Indeed, if we read John 1:14, we find the evangelist, in his own version of Jesus’ entry into the world, speaking of the “Word” becoming “flesh”. Now, John’s depiction of the Word is clearly inspired by the creation narratives of Genesis 1 and 2. And in those narratives, we find God’s creation climaxing in the formation of man. There, God breathed his Spirit into his image-bearer, and divinity and humanity came together. With the miraculous birth of Jesus, the natural and the spiritual – divinity and humanity – came together in an even more profound manner when God’s wisdom took on the fleshly existence of man, and a baby was born to a young Jewish woman. It focused the entire trajectory of Jesus’ mission in one spectacular act and set the stage for what would follow, culminating in the epochal events of Jesus’ death and resurrection. If Jesus represented true humanity to the world – and by that, I mean the perfect union of God and man – then his birth dramatized that purpose and established the precedent for his ministry and the model he presented to sinful humanity. Thus, the birth of Jesus – in a word, Christmas – means the entry of true humanity into this dark world, a light shining in the darkness.

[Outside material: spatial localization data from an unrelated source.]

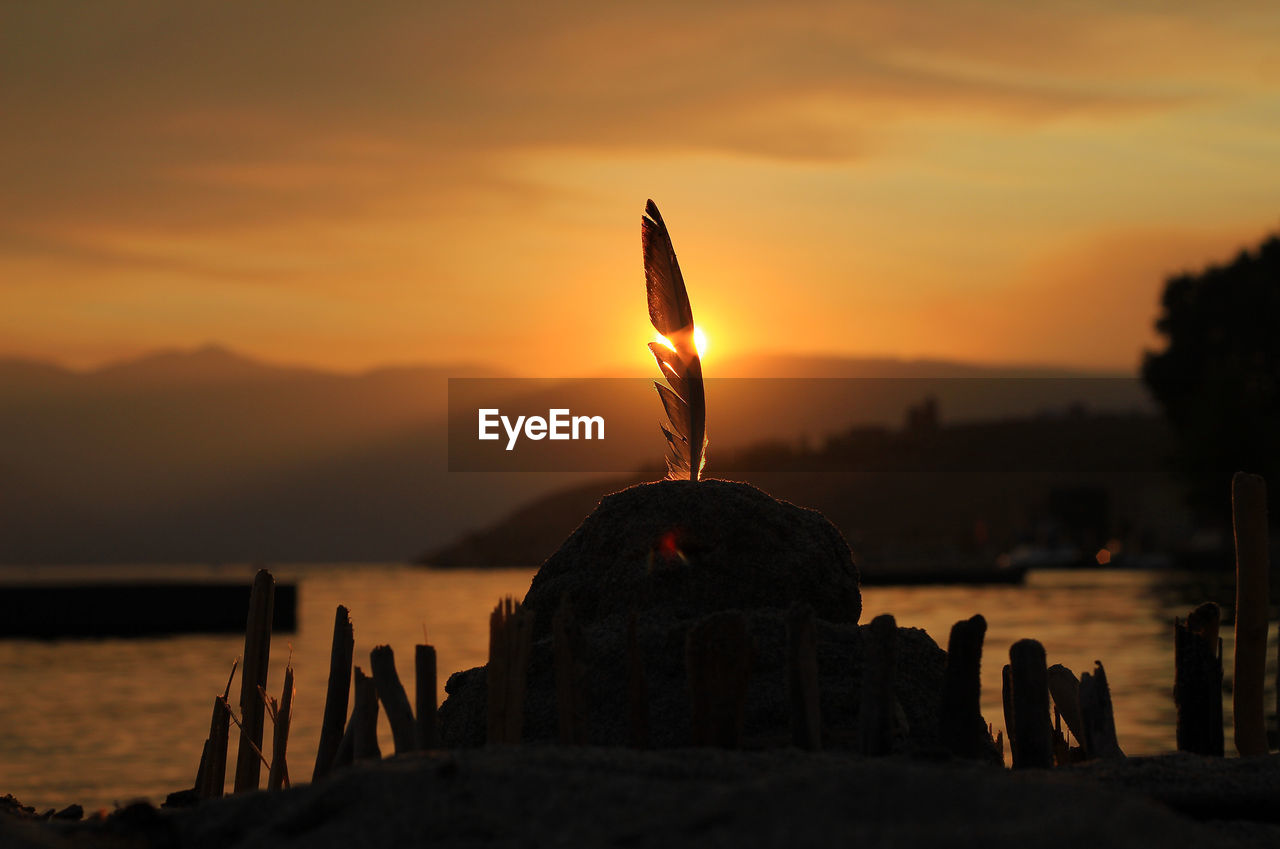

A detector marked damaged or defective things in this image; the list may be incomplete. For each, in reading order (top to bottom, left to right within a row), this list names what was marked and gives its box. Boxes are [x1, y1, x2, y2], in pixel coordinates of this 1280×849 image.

broken wooden stick [235, 568, 276, 796]
broken wooden stick [316, 604, 358, 780]
broken wooden stick [370, 644, 416, 752]
broken wooden stick [792, 604, 820, 748]
broken wooden stick [1008, 636, 1048, 768]
broken wooden stick [1176, 604, 1224, 756]
broken wooden stick [1232, 470, 1272, 756]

So much more could be said. For example, Christmas makes no sense without Easter. In other words, the Incarnation means little without Calvary, for Jesus did not simply model true humanity; he also gave his own life in order that sin – the one thing standing between humanity and God – might be defeated and man might enjoy reconciliation with his Creator. There is a strong link connecting those two events. But, since this is Christmas, I wanted to reflect on the events that set this ministry, this mission, in motion. Let us give thanks for the king who humbled himself twice: first, by adopting the likeness of sinful humanity; and second, by dying the perfect death for us so that we might be saved, redeemed, set free. We will celebrate the latter in a few months. Let us celebrate the former now.